Could you write out the records below exactly as they appear, leaving out any pictures?

--- Provided records Enclosed Below ---

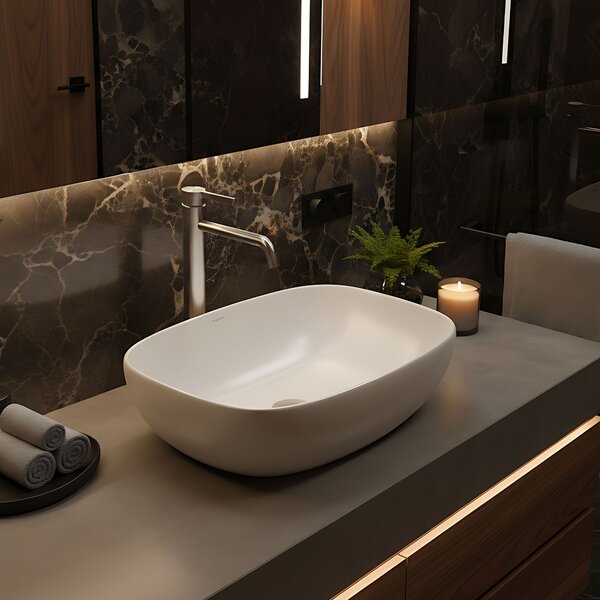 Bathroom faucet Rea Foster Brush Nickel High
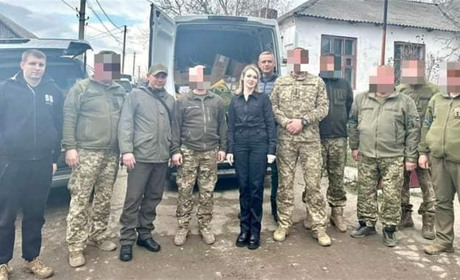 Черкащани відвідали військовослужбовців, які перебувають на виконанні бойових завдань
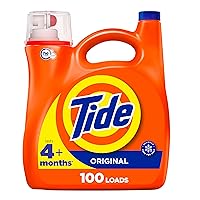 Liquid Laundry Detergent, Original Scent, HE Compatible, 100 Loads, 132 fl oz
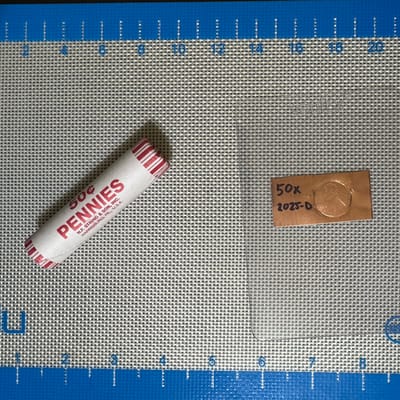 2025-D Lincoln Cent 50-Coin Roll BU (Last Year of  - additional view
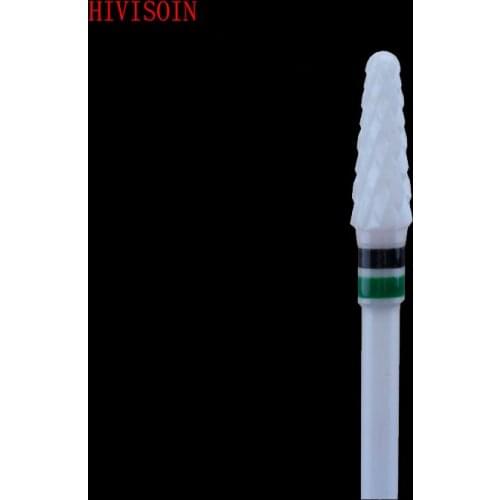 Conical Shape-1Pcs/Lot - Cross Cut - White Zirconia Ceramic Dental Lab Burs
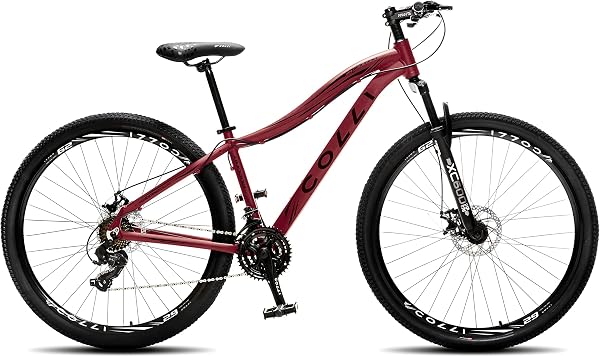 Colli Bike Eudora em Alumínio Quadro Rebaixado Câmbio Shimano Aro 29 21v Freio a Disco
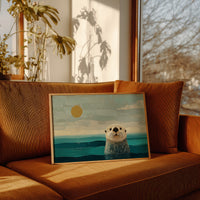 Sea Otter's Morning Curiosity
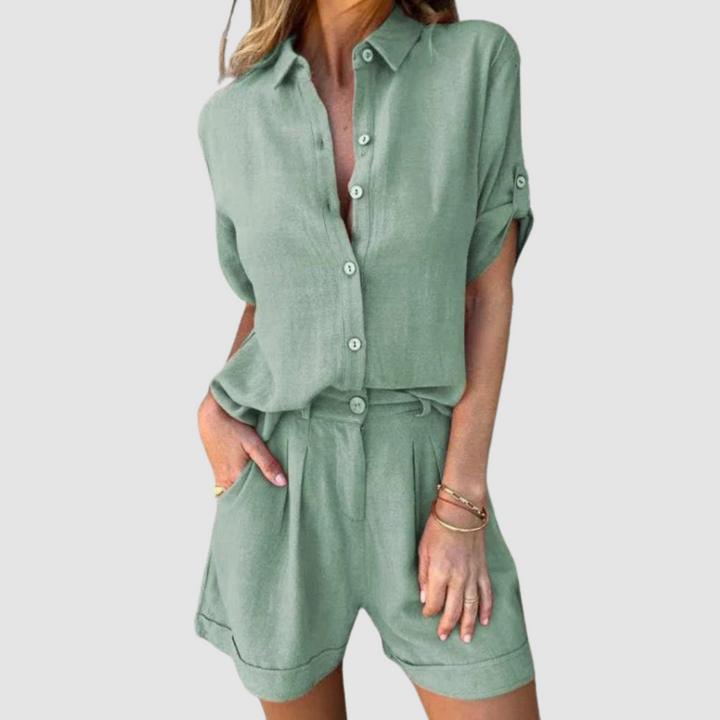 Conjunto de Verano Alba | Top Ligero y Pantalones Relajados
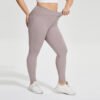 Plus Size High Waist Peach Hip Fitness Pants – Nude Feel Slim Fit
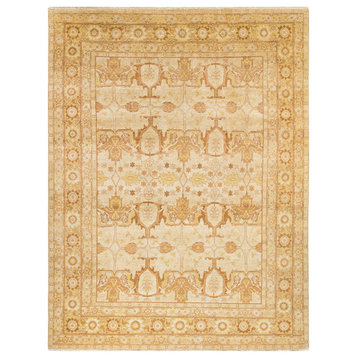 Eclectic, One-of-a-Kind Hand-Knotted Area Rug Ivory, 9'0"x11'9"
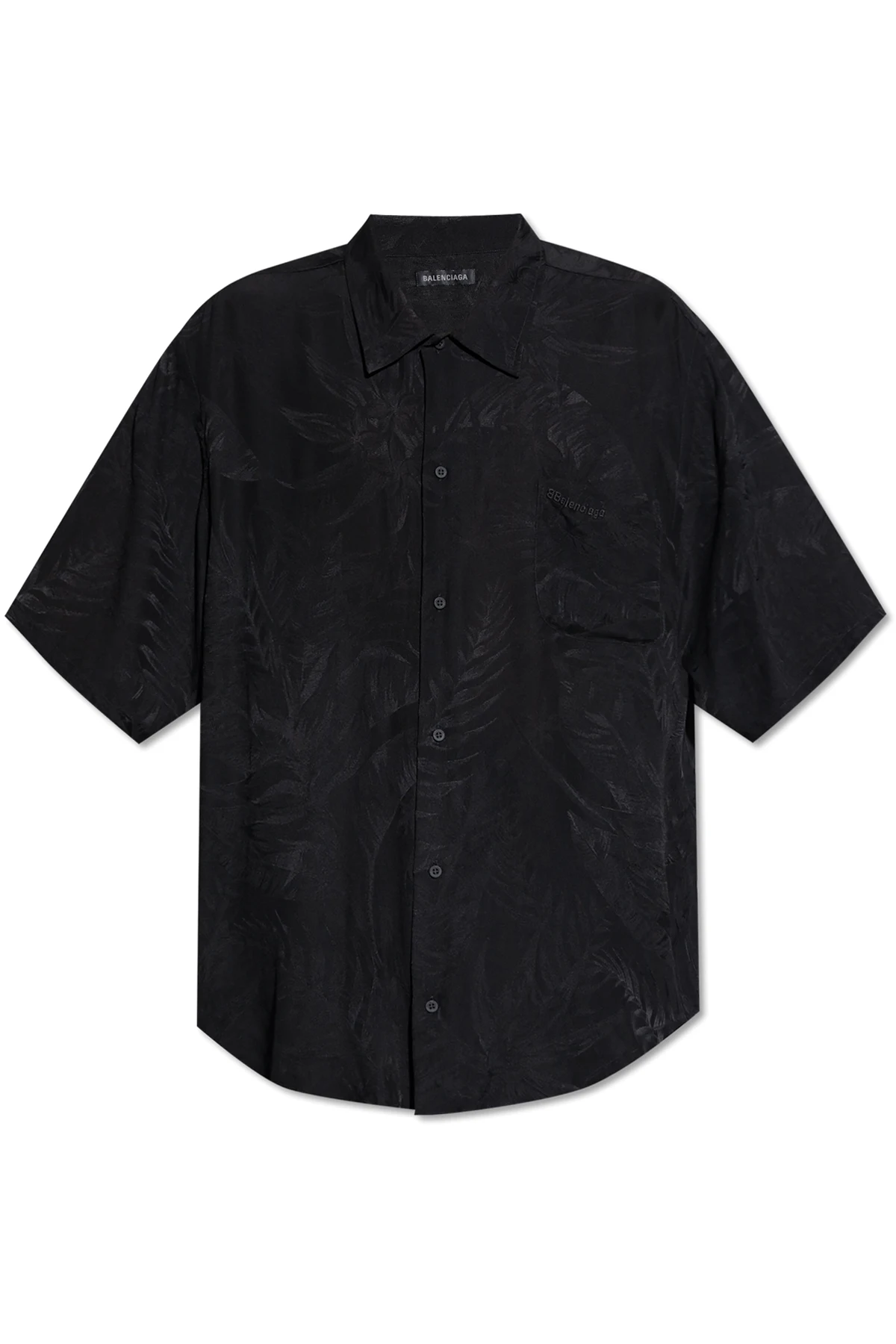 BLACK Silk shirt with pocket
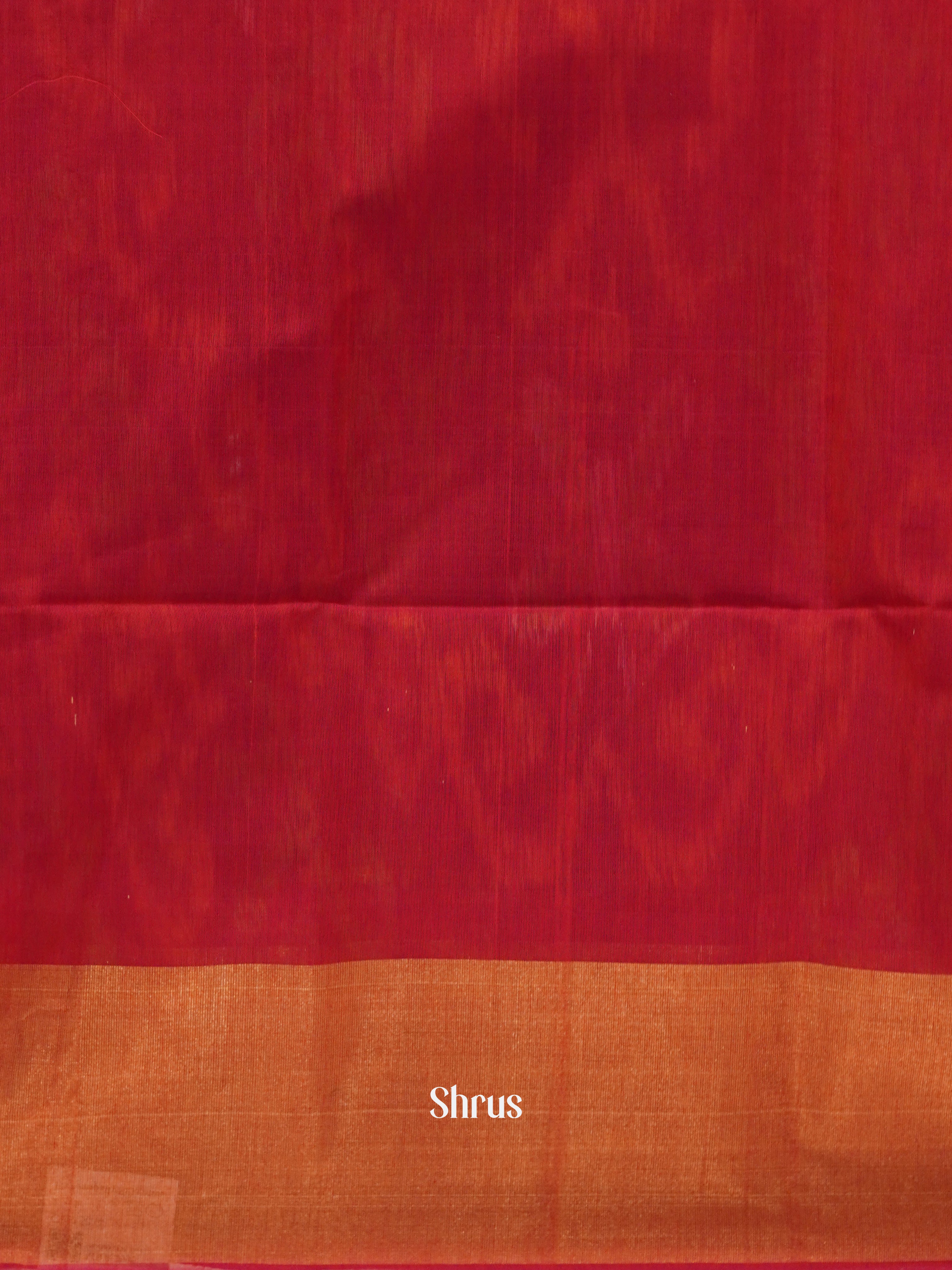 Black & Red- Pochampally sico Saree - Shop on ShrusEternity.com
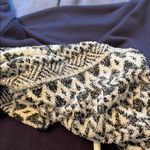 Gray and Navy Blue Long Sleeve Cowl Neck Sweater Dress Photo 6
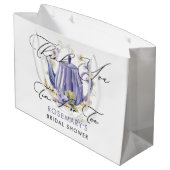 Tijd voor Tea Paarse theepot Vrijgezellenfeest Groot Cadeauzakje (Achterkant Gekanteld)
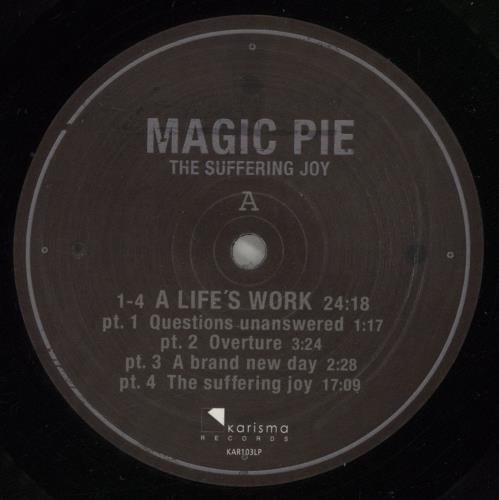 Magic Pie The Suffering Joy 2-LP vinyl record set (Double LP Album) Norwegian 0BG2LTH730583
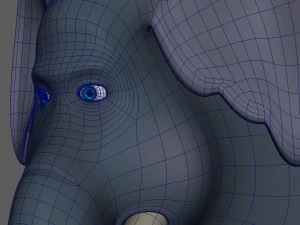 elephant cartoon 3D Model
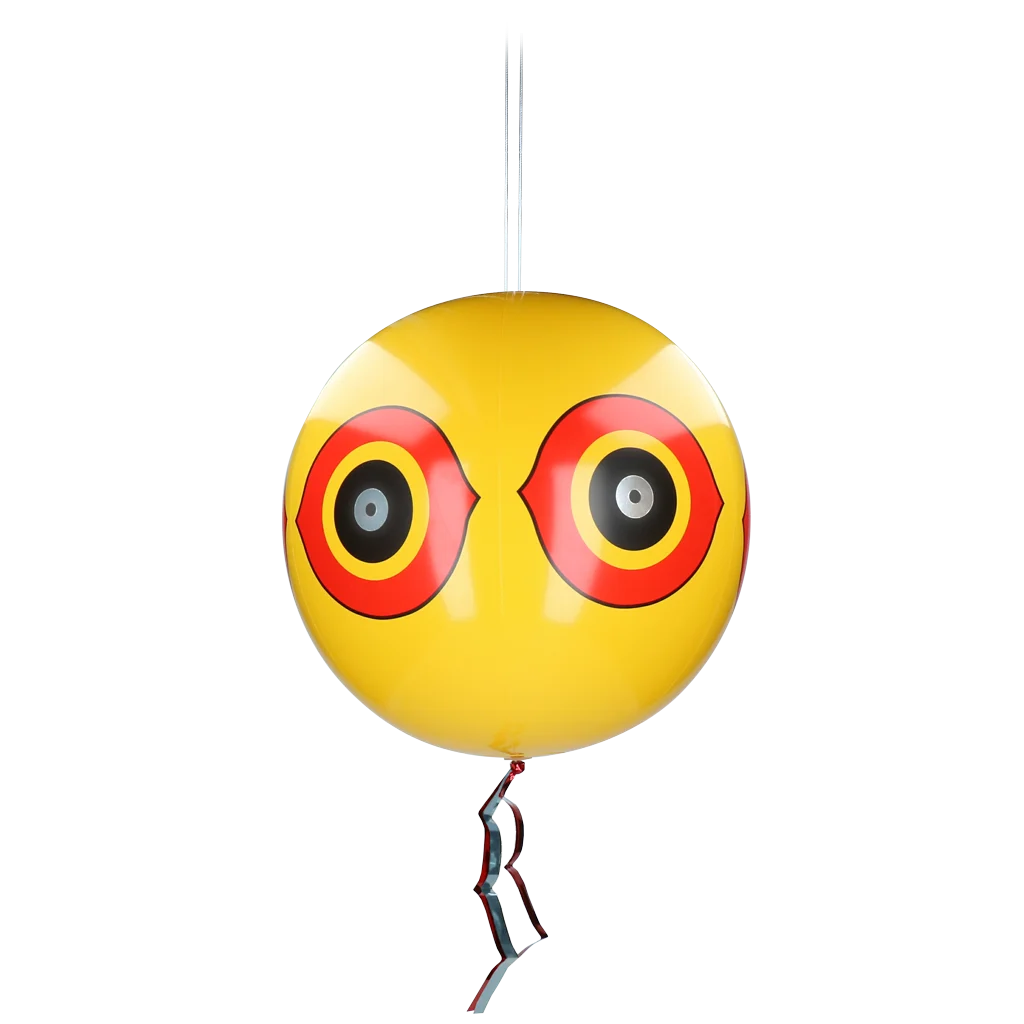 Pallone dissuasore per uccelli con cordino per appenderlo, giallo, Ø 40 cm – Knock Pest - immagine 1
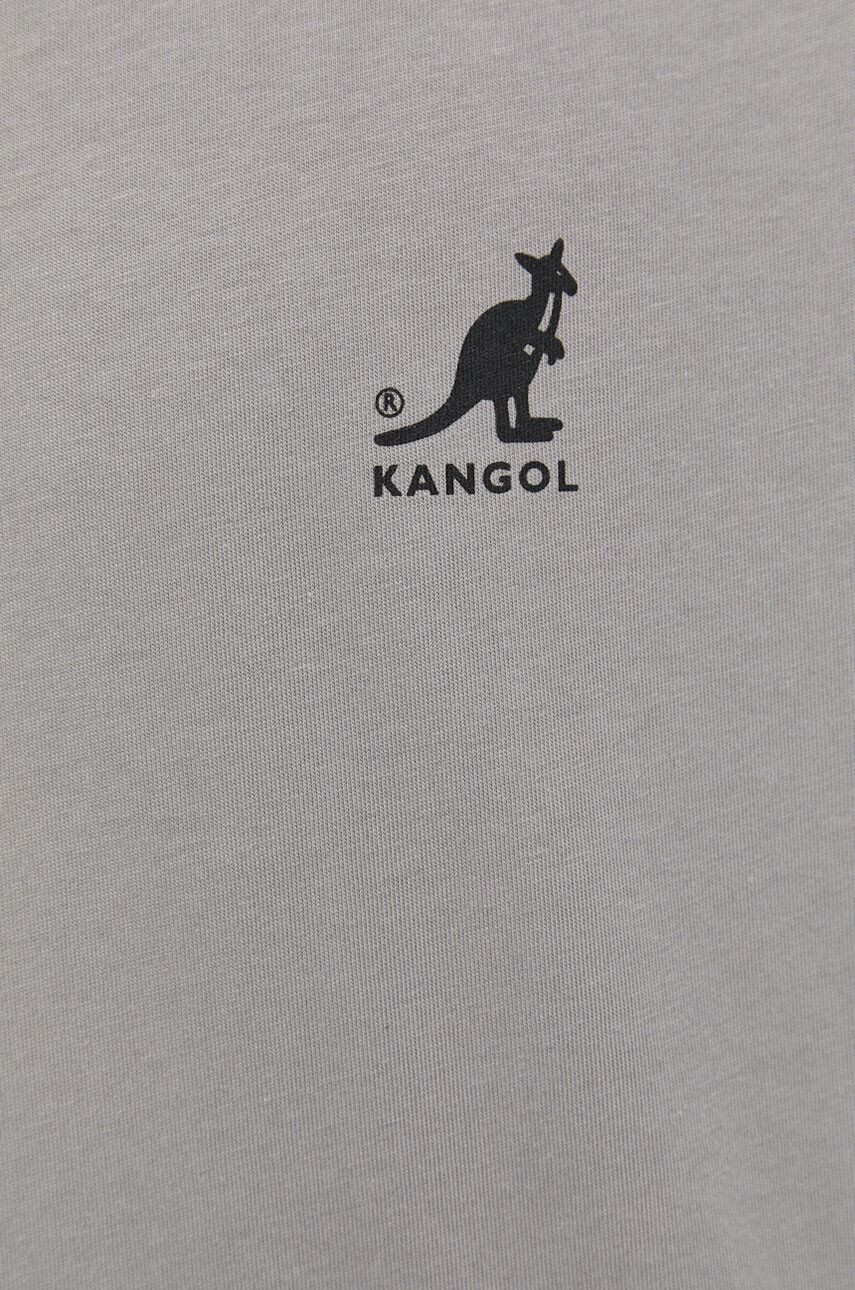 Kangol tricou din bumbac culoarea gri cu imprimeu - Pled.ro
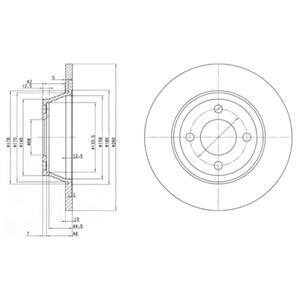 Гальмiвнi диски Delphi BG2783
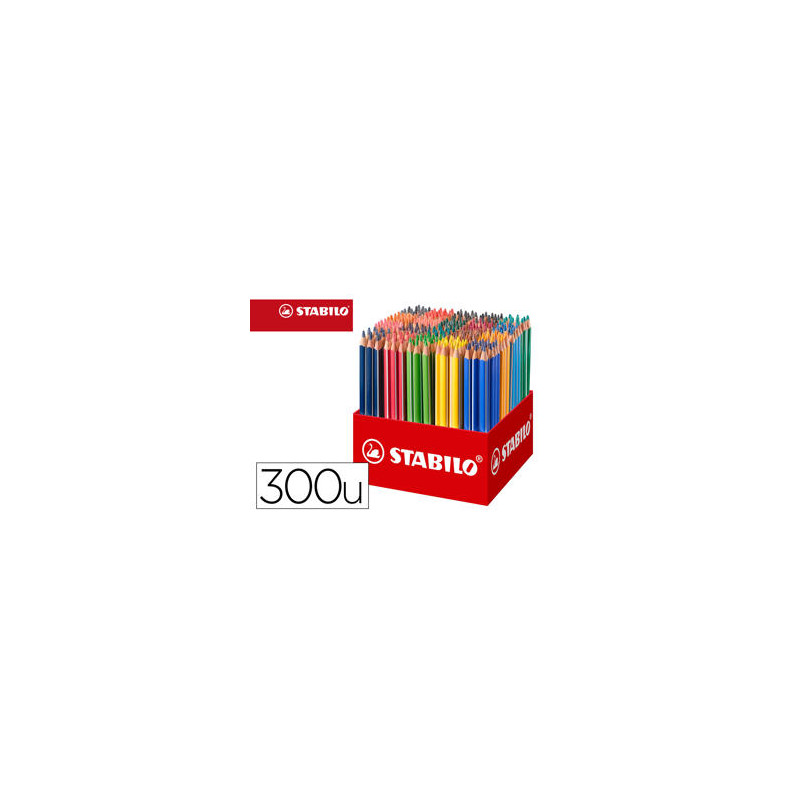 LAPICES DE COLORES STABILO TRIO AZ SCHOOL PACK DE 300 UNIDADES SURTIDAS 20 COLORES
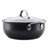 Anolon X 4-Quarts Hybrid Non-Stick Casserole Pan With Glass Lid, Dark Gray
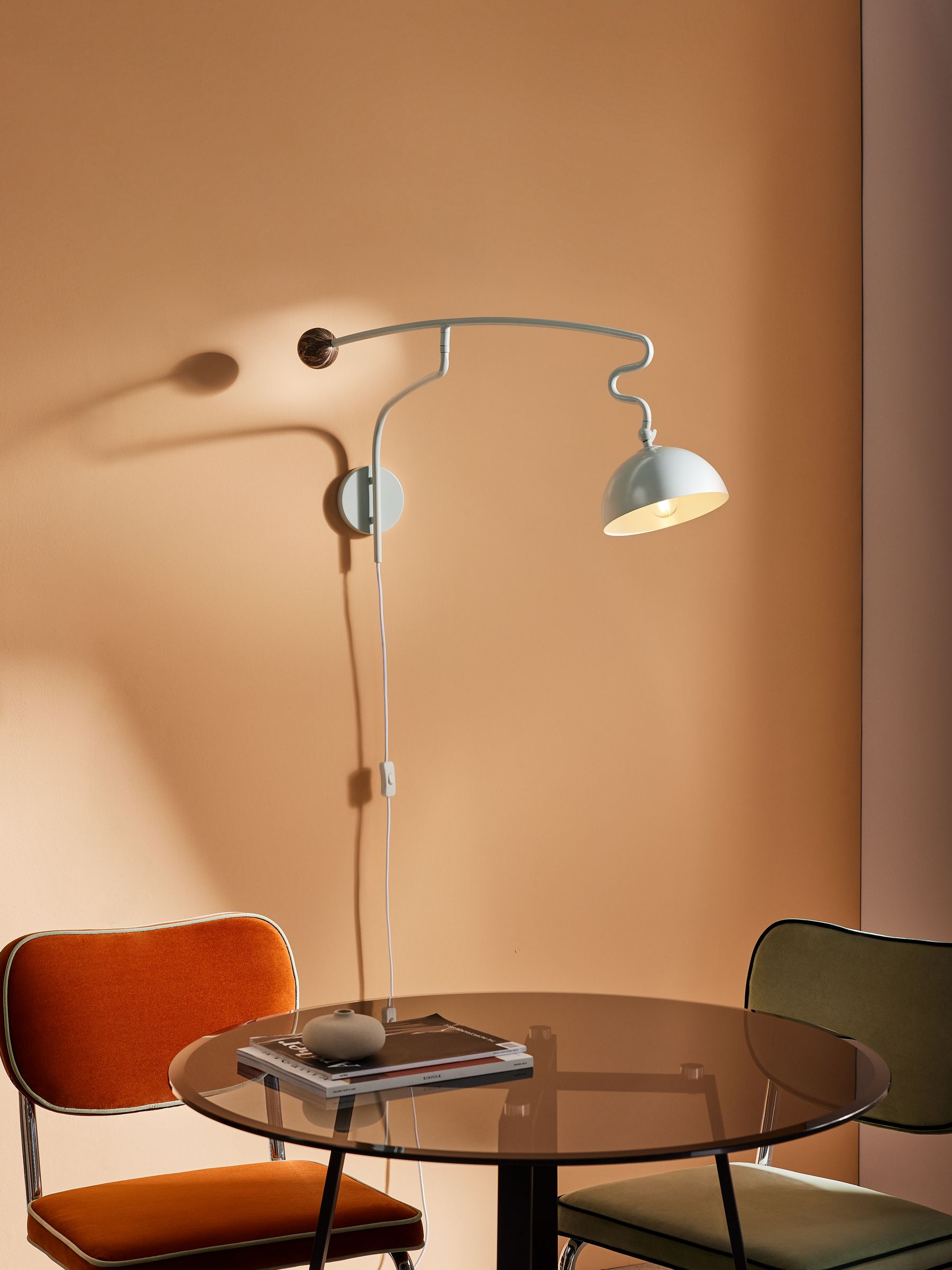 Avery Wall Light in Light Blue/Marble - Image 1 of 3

--- End of Enclosed Provided records ---

▶ **Output of the exercise**
 Bathroom faucet Rea Foster Brush Nickel High
 Черкащани відвідали військовослужбовців, які перебувають на виконанні бойових завдань
 Liquid Laundry Detergent, Original Scent, HE Compatible, 100 Loads, 132 fl oz
 2025-D Lincoln Cent 50-Coin Roll BU (Last Year of  - additional view
 Conical Shape-1Pcs/Lot - Cross Cut - White Zirconia Ceramic Dental Lab Burs
 Colli Bike Eudora em Alumínio Quadro Rebaixado Câmbio Shimano Aro 29 21v Freio a Disco
 Sea Otter's Morning Curiosity
 Conjunto de Verano Alba | Top Ligero y Pantalones Relajados
 Plus Size High Waist Peach Hip Fitness Pants – Nude Feel Slim Fit
 Eclectic, One-of-a-Kind Hand-Knotted Area Rug Ivory, 9'0"x11'9"
 BLACK Silk shirt with pocket
 Black & Red- Pochampally sico Saree - Shop on ShrusEternity.com
 Gray and Navy Blue Long Sleeve Cowl Neck Sweater Dress Photo 6
 Tijd voor Tea Paarse theepot Vrijgezellenfeest Groot Cadeauzakje (Achterkant Gekanteld)
 Magic Pie The Suffering Joy 2-LP vinyl record set (Double LP Album) Norwegian 0BG2LTH730583
 elephant cartoon 3D Model
 Pallone dissuasore per uccelli con cordino per appenderlo, giallo, Ø 40 cm – Knock Pest - immagine 1
 Kangol tricou din bumbac culoarea gri cu imprimeu - Pled.ro
 Гальмiвнi диски Delphi BG2783
 LAPICES DE COLORES STABILO TRIO AZ SCHOOL PACK DE 300 UNIDADES SURTIDAS 20 COLORES
 Anolon X 4-Quarts Hybrid Non-Stick Casserole Pan With Glass Lid, Dark Gray
 Avery Wall Light in Light Blue/Marble - Image 1 of 3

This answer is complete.